鎗ヶ崎の交差点㉛
年末年始に夫の実家に行くと智花は体調を崩した。夫は田舎のそれなりの家庭の長男で親戚も多かった。次から次へと家に訪れる客の相手や、母親の圧力や全く知らない土地での緊張で身体に偏重をきたしてしまったのだ。しかし彼女は気丈にも、いわゆる嫁いだ嫁の仕事を休まなかった。
昔の人間ならそんなことは当たり前なのだろう。相手の実家に行って嫁が甲斐甲斐しく働くのは当然だと言われて、体調など崩したものならダメな嫁の烙印を押される。
しかし僕らの世代にはそんな文化は存在しない。特に僕と知花は東京育ちで親戚も多くなく、ましてやお互いに親が離婚していた。親戚の集まりなど子供の頃でもほとんどなかった。
知花の親も離婚していると聞いたのは、初めて彼女を抱いた夜のことだった。夫との帰郷への不安を話す中で彼女が何気なく言ったのだ。
「うちはお父さんとお母さん離婚してるから。大家族とかちょっと苦手で」
僕はその話を聞いた時、やはり僕と知花は運命なのだと確信した。同じ地域で同じ境遇の中で育った僕らは価値観が同じなのだ。だからこそ上手く行くと。まだ離婚をすると知花が言ったわけでもないのに、僕は夫との終わりを勝手に決めて約束もされていない未来を夢描いていた。
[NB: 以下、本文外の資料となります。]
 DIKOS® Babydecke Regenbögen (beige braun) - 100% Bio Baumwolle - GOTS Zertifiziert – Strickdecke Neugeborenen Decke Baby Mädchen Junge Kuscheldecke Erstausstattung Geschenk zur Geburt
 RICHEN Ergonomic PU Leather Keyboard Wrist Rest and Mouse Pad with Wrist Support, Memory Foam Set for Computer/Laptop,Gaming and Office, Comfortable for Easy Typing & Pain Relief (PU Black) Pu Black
夫の実家に行っている間、知花は僕に毎日のように連絡をしてきた。僕は大晦日も正月も関係なく、知花からの連絡を待った。そして連絡が来ると昼夜問わず返信をしてなるだけ優しい言葉をかけた。
知花に様々な想いがあったことは想像に固くない。夫婦関係が上手くいっていなかったとは言え、まだ結婚をしている身で僕と関係を持った。そこに罪悪感がないわけがなかった。
そんな中で体調を崩しながらも相手の親や兄弟と会い、何日間も一緒に過ごすのはとても辛かったはずだ。だから僕は、せめてラインの中だけでも知花に寄り添っていたかった。
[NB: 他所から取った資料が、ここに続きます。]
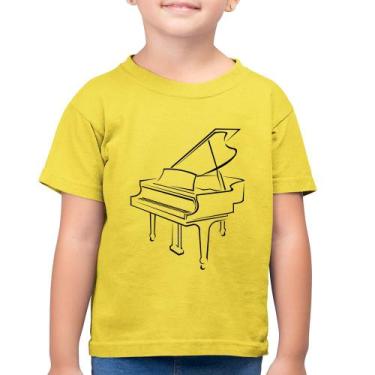 Imagem de Camiseta Algodão Infantil Piano - Foca na Moda, Amarelo canário, 12
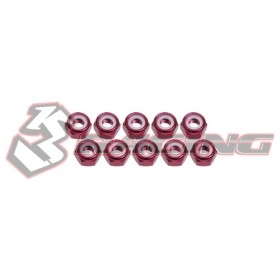 4mm Aluminum Lock Nuts (10 Pcs) - Red - 3RAC-N40/RE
「大丈夫?」と聞くと、いつも親戚が寝静まった夜に返信が返ってきた。
「うん。どうにか。でも頑張る。帰ったら会おうね」
「無理しないように。君は誰よりも頑張っているから」
「ありがとう。早く帰りたい」
こんなやり取りを毎日しながら知花の帰りを待ちわびていた。
七草が終わった頃にやっと知花が帰ってきた。しかし店がすぐに始まり外で会う事は出来なかった。その代わりに僕は毎日のように知花の店に赴いた。外に行けなくても、まだ年明けで空いている店内で彼女と過ごせるだけで幸せだった。
そしてまた普通の週末がやってきた。知花は店が終わると当たり前のように僕の家に来て、好きなドラマを一緒に見てワインを飲んだ。そしてその後は抱き合った。
僕の有休消化が終わる一週間前には毎日一緒に過ごした。
「もうお休み終わりでしょ?だからこの一週間だけ毎日会おう」
知花がそう言ってくれたのだ。しかしいつも、彼女は朝の五時には家に帰って行った。母親か夫が子供を見ていて、店の営業時間も夜中までとは言え、昼に帰るわけにはいかない。
朝方でも遅いが、知花は店の仕込みがあると言って僕との時間を作ってくれていた。
僕達が過ごせる時間はいつもとても短かった。しかしそれでもよかった。たった数時間でもその時間は濃密だった。二人で飲んだワインボトルが家に溜まっていくのを見ては、僕はいつも一緒に過ごした時間が増えていくことに幸せを感じていた。
僕らはいつも抱き合いながら様々な話をして朝を迎えた。
「いつかまた京都に行こう」
「いつか海外旅行にも行こう」
今の状況を脱すればできるかもしれないことを二人で明け方まで語り合った。この時の僕達は確実に同じ未来をみていて、短い時間を過ごした朝でさえも、次に会える時間が近づいたと互いに喜びを感じていた。